Carbon nanoparticles quench potent free radicals and stabilise cerebral blood flow.
Following a traumatic head injury, a cascade of secondary problems can occur. Cells start to release excessive amounts of a toxic free radical, superoxide (SO), into the blood. It causes inflammation and overwhelms the brain’s natural defences.
Limiting the amount of SO after brain injury is key to effective emergency treatment and full recovery of trauma patients. On this premise, US researchers from Rice University and Baylor College of Medicine have developed carbon nanoparticles that are capable of immediately destroying thousands of SO molecules at once. This is a major medical breakthrough considering our body’s natural SO neutraliser, superoxide dismutase (SOD), can interact with just one SO molecule at a time.

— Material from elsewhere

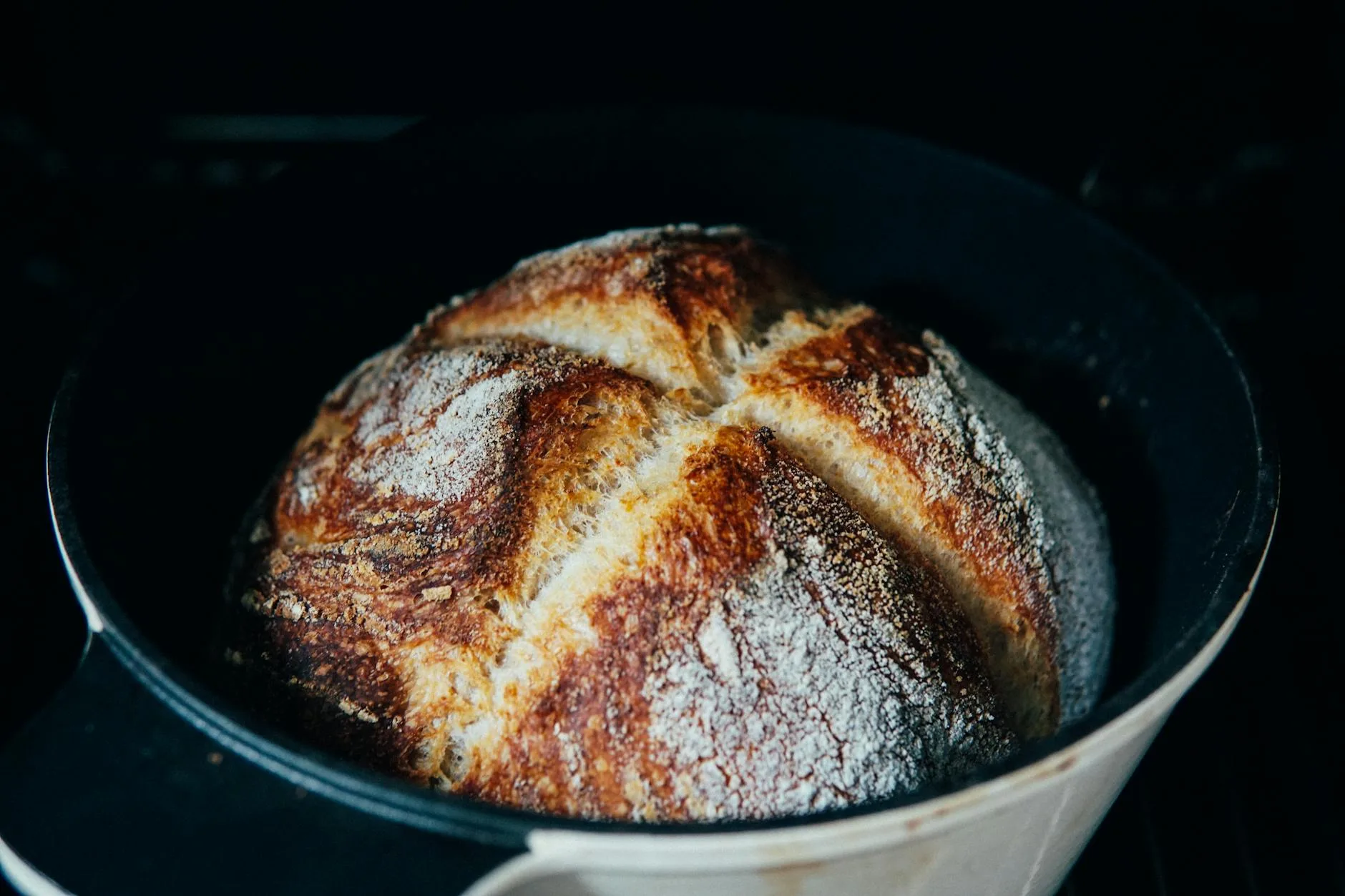 Fresh sourdough bread baked in a cast iron Dutch oven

“There are many ways free radicals injure the brain and blood supply,” says Thomas Kent, co-author of the paper published in the American Chemical Society journal ACS Nano. “One important way is to interact with nitric oxide, [which] is a dilator that allows blood vessels to react to low blood pressure, like what happens during haemorrhagic shock… When SO and NO react, it creates more damaging chemicals, but also prevents NO from doing its important action.”
The nanoparticles developed by the researchers are called combined polyethylene glycol-hydrophilic carbon clusters (PEG-HCC). They are known antioxidants because of the way they interact with free radicals and are already being tested to enhance cancer treatment. They have also been shown to restore cerebral blood flow in animal studies of brain trauma.
“The carbon nanoparticles scavenge excess SO and deactivate [it] and all subsequent downstream products that would have formed”¦ So blood flow is restored to normal,” says co-author James Tour from Rice University. “This is one of the remarkable characteristics of the nanoparticles: they scavenge the damaging radicals while not affecting nitric oxide,” adds Kent.
The researchers have repeated the tests three times and obtained the same results. They plan on getting another laboratory to replicate the study to show that neurological function is definitely improved following the treatment. In future studies they hope to devise a method of getting the nanoparticles to target specific cell types that are affected after trauma and also hope to elucidate the precise mechanism of action of these promising carbon compounds.